00:09:35 - Speaker 2: Yeah, that all lines up with my thinking on that process. I would add another angle to it, which is at each stage you’re trying to validate or de-risk or gain information about something in particular. When you’re in the research lab, what we’re trying to do is convince ourselves that we have some spark of novelty, things like the zooming UI plus mixed Media canvas plus 120 FPS plus Inc everywhere. That felt to us like a spark and we wanted to. pursue it further. So on the next stage, which is like the private alpha or private beta, you’re testing, does this spark go off for people outside the lab who don’t have our contexts. Now, importantly, you can’t quite jump all the way to do you have a product that properly works for everyone. So you have to find a way to test just that core spark. So you end up working with people who are very, you know, excited, they like to test new software, they’re willing to put up with some rough edges. they’re willing to see through, you know, a few months and a few iterations.

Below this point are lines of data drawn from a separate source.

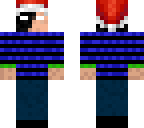 gewoonyannick_ skin met kerstmuts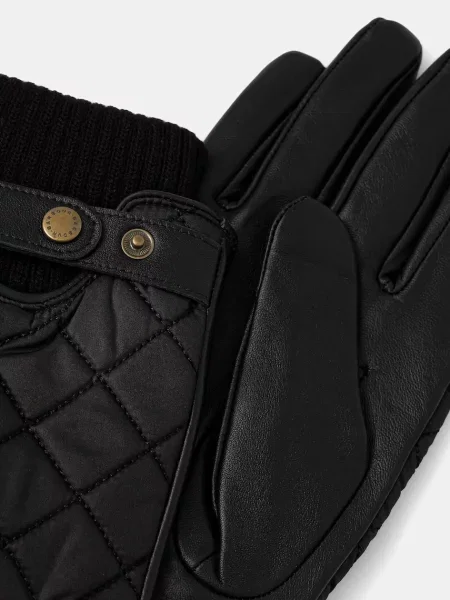 Перчатки Barbour зеленые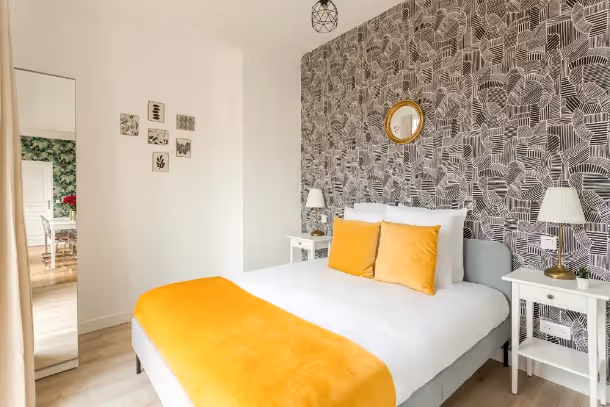 La chambre 3 Cozy Apartment Ponceau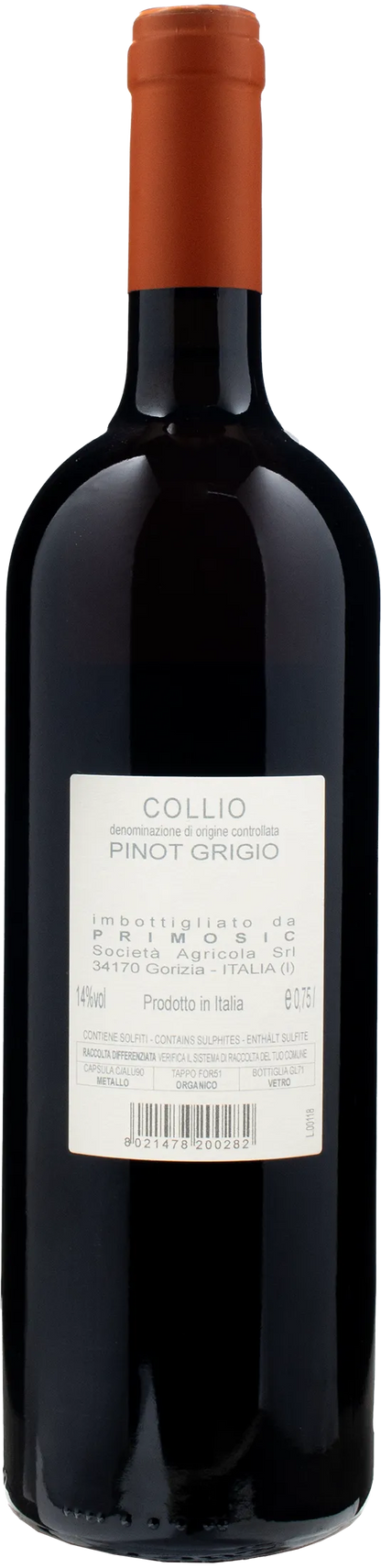 Primosic Pinot Grigio Skin 2020
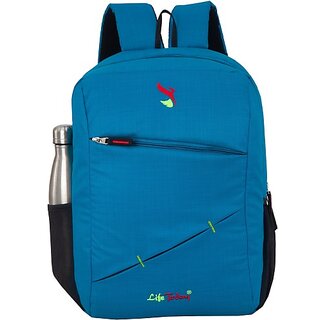                       Life Today Medium 25 L Laptop Backpack 15.6 inch Laptop Backpack/Office Bag/School Bag/College Bag/Business Bag (Blue)                                              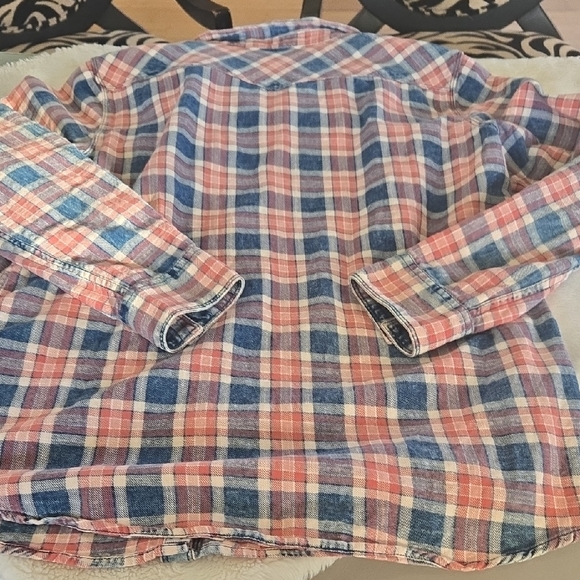 Orvis Plaid Button-Up Shirt - Picture 9 of 13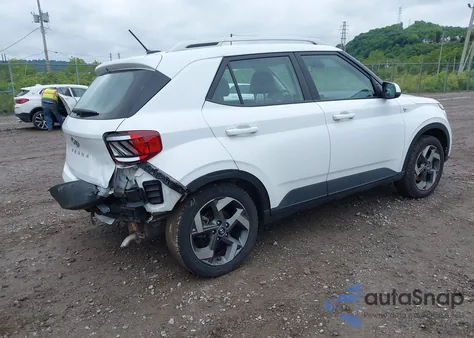 2023 Hyundai Venue Sel from USA, damaged, VIN KMHRC8A38PU211791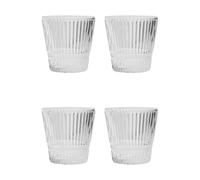 House Doctor Verres à eau Slots lot de 4 Clair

So for example, when we had this original Private Alpha, I don’t think you could do much import export. I think it crashed a fair amount. Oh, you couldn’t turn it, uh, vertically, like you can only use it in landscape mode if you want to turn your iPad around, too bad.
But despite all that, we had, I think, a half dozen people or so who were like, yes, I, I see the promise here. And yes, there’s all these rough edges, but there’s something more.
Here and then once you have that, then you go on to the next stage, which is can you consolidate your design into something that fits more into the standard iPad app container. So for example, you can rotate your iPad, you can do import export, but early on, you’re really trying to validate that core spark.
00:10:59 - Speaker 3: I’d be curious to hear your perspective here, Lachlan, which is you read this article, maybe naturally an article like this has these little video clips representing the idea in its purest form, and you’re not seeing those rough edges as much, then you got a chance to try it.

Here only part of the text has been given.